What you need to do is configure the D-Link to be an extension of the Linksys instead. I regret I can't tell you specifically how to do it, or if it can even be properly done with two different brands of routers. But hopefully this information can set you in the right direction. You'll want to try configuring the D-Link to simply be an extension of the Linksys so that the Linksys is the device managing the IP addresses for all machines. I have accomplished this with two Apple AirPort Express routers, but have never done it before with any other routers.

A simpler fix *might* be that you'd just need to open the proper ports in the Linksys to let the machines behind the D-Link get through. This Apple article page lists many of the commonly needed ports, including 548 for Apple's File Sharing protocol.

But if you can determine how to make the D-Link and Linksys work in harmony rather than as separate downline-routers, you'd be better off.
Luis Caraballo · October 24, 2007 - 00:04 EST #255
I have problem with a belkin wireless router
i forget the factory password on belkin router please help...
ATPM Staff · October 24, 2007 - 00:24 EST #256
Luis - it might be different depending on which model router you have. Please head to for assistance.
Dave Leeson · November 23, 2007 - 02:48 EST #257
Hi, in my office at home I have a BEFSX41 router hardwired to a backbone radio on a wireless network (we're the head-end for local WiFi service). The router works fine with all my PCs (Dell GX240, GX50, IBM TP) and all my Macs (G4 QS 1 GHz Dual, G5 1.8 GHz dual), providing 3+ Mbps outbound and 8+ Mbps inbound. Tests using Web100 NDT (see show the limitation is the 10 Mbps wired link from the radio, but I'm happy with these speeds.

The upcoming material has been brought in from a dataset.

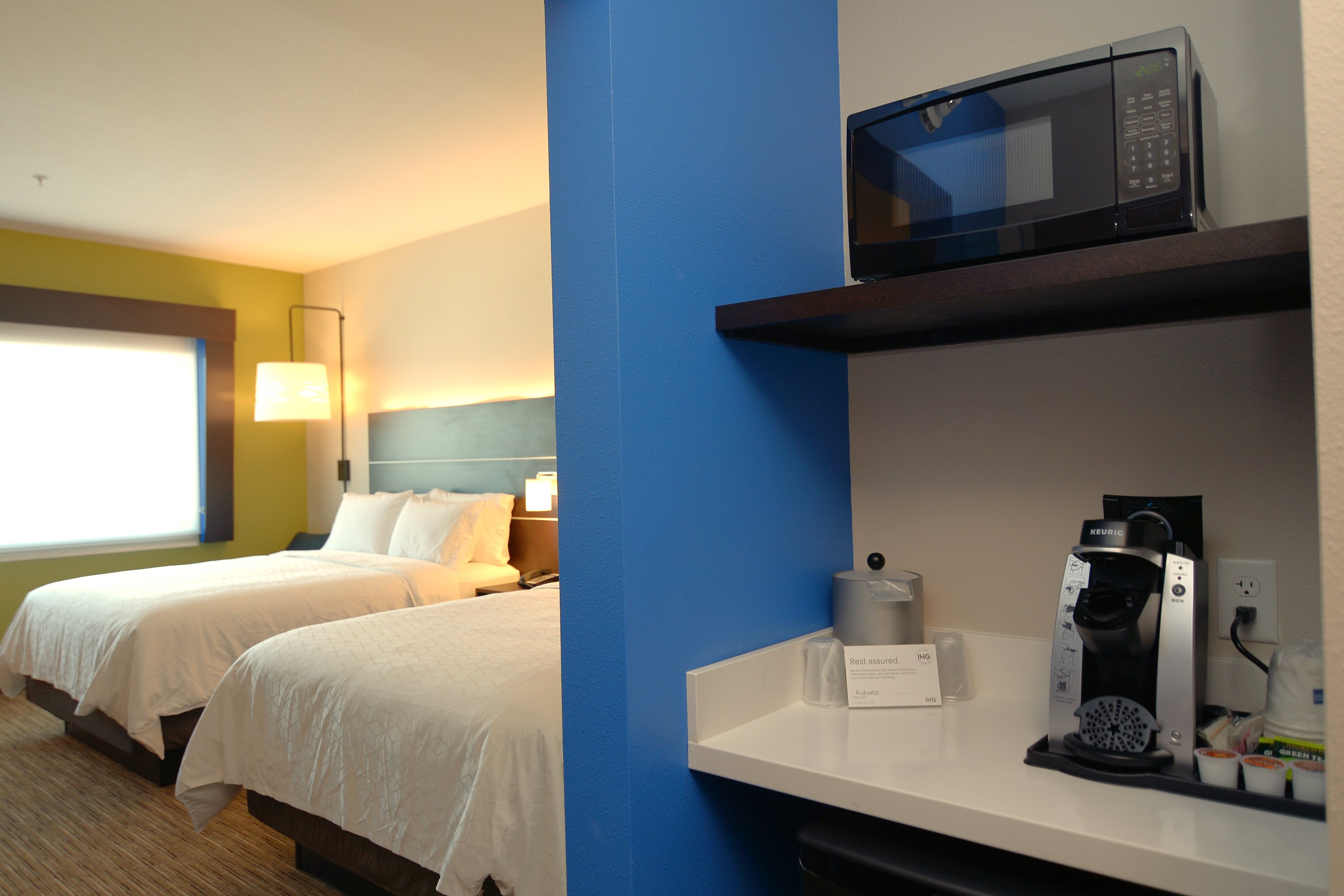 holiday inn express and suites onalaska la crosse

However, I have a new (to me) G4 Mini that won't work with the router. Connected to the router, the uplink/downlink speeds are 30 kbps/750 kbps, and the link lights are intermittent, causing the DHCP assignment to drop often. When the link is stable I can see and log on. The OS 10.4.x TCP/IP settings on all the Macs are essentially the same.

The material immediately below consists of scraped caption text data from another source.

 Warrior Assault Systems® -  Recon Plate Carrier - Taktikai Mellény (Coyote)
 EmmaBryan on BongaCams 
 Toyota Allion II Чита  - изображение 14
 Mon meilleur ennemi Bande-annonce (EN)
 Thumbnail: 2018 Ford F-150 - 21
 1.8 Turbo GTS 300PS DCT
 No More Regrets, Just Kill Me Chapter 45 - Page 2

But when connected directly to the Ethernet feed from the radio, the Mini shows the 3+/8+ Mbps speeds that I get on all the other computers, so the problem seems to be the interface between the computer and the router (of course, I've swapped cables and router ports, cleaned connectors, etc.).

Searching the web, I find a number of references to this problem, but no real solutions. One suggestion is that the Mini has low output levels that are not sufficient for the router (though they are OK for the radio ethernet card, and should meet standard levels), and another is to update the router firmware (although the number of complaints about buggy updates make me reluctant).

I've searched this site for any reference to "Mini" but found none that pertain. Any help will be greatly appreciated, as I prefer to have all the computers maintain connection to each other and to the Internet.

Thanks, Prof. Dave Leeson, Stanford Univ.
Dave Leeson · November 24, 2007 - 21:55 EST #258
Well never mind. With the skillful help of two of Linksys's finest chat techs, an attempt to follow their (conflicting) instructions has reduced the router to a smoldering mess that won't respond to any port. I'm using a cheap 5-port switch now that works great with all my Macs and PCs, and will find a more reliable and useful router.

As to what went wrong, suffice to say that one tech said "go ahead and update the firmware," while the second one said (after the initial attemp) "oh no, this is too big a jump in versions, it can't be done without half-duplex settings, and rather than a Mac it should be done with IE on an XP PC and direct connections, etc." The web is full of unhappy Linksys customers who have to reboot daily, or who have had installed buggy firmware if it worked at all. Lucky there are many other brands, I won't be buying Linksys stuff again.
Enrique Ramirez · May 26, 2008 - 17:53 EST #259
I have a Linksys Router which I want to set in conjunction with a modem.
When I connect them as stated in manual, they don´t communicate each other.
Is there any comun code setting for they to communicate?